→ **Task brief**
Within the records that follow, restate exactly the lines from the line with "Black Women's Salomon" down to the line with "DOMS 10 Shades Metallic Brush Pens", including both. Omit the pictures.

→ **Listed entries**

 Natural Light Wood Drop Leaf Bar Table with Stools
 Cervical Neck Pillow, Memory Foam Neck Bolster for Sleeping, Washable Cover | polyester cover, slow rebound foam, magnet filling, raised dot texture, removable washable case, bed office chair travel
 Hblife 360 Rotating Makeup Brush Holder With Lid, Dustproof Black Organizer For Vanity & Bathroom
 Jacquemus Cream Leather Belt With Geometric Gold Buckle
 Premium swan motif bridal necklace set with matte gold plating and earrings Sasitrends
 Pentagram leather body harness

==

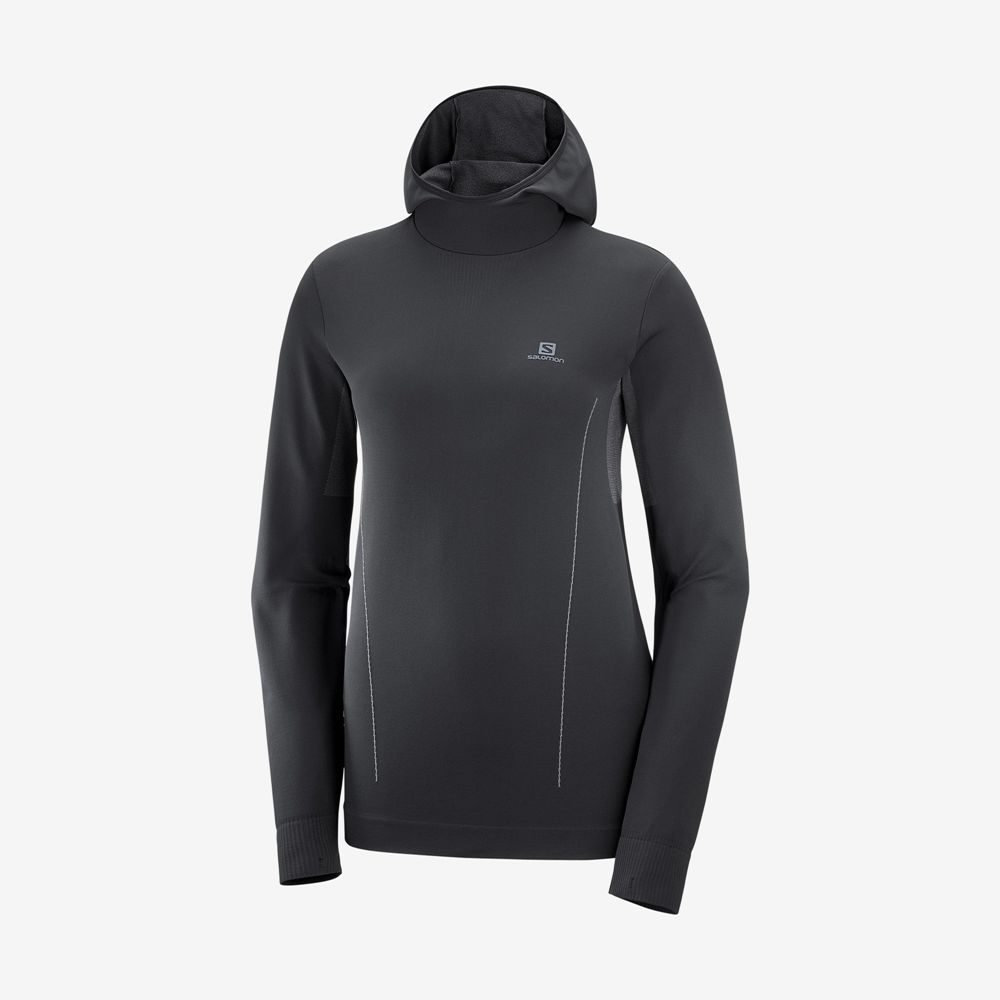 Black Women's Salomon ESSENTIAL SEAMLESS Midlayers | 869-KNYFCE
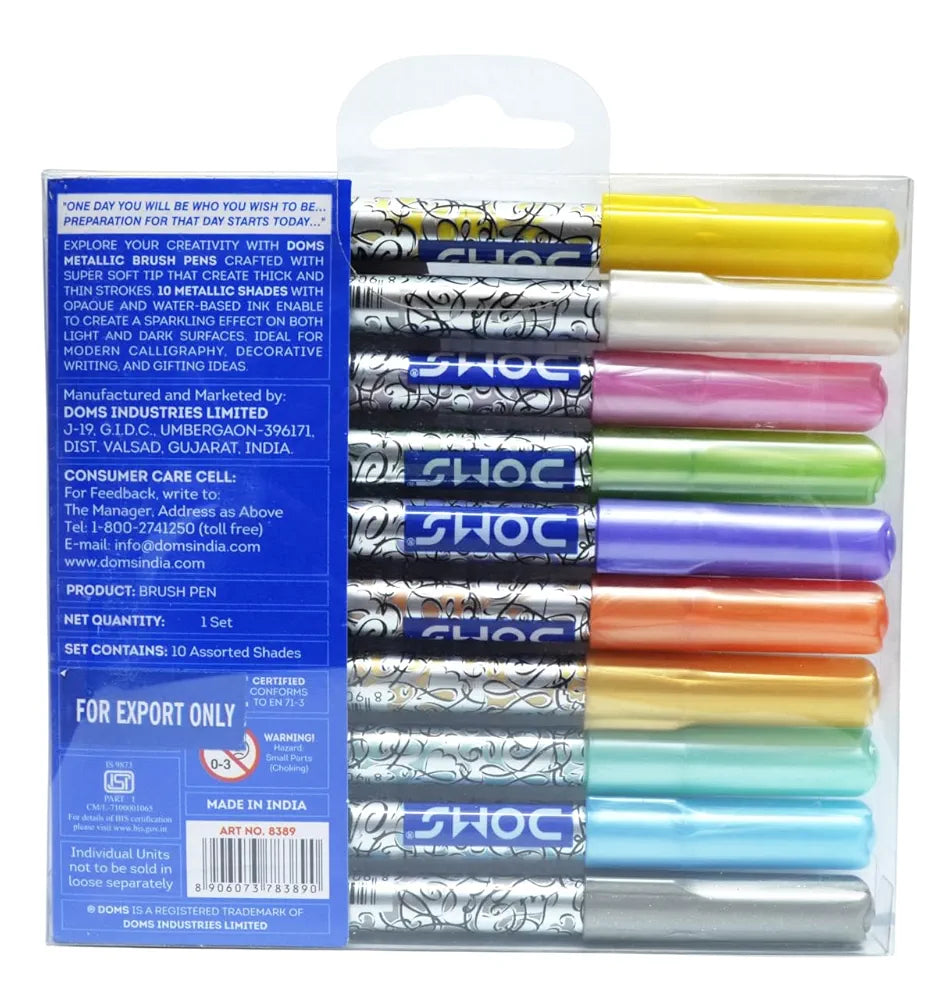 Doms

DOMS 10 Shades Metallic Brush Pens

==

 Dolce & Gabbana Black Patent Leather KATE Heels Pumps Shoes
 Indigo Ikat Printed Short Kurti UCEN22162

→ **Exercise solution**
 Black Women's Salomon ESSENTIAL SEAMLESS Midlayers | 869-KNYFCE
 Doms

DOMS 10 Shades Metallic Brush Pens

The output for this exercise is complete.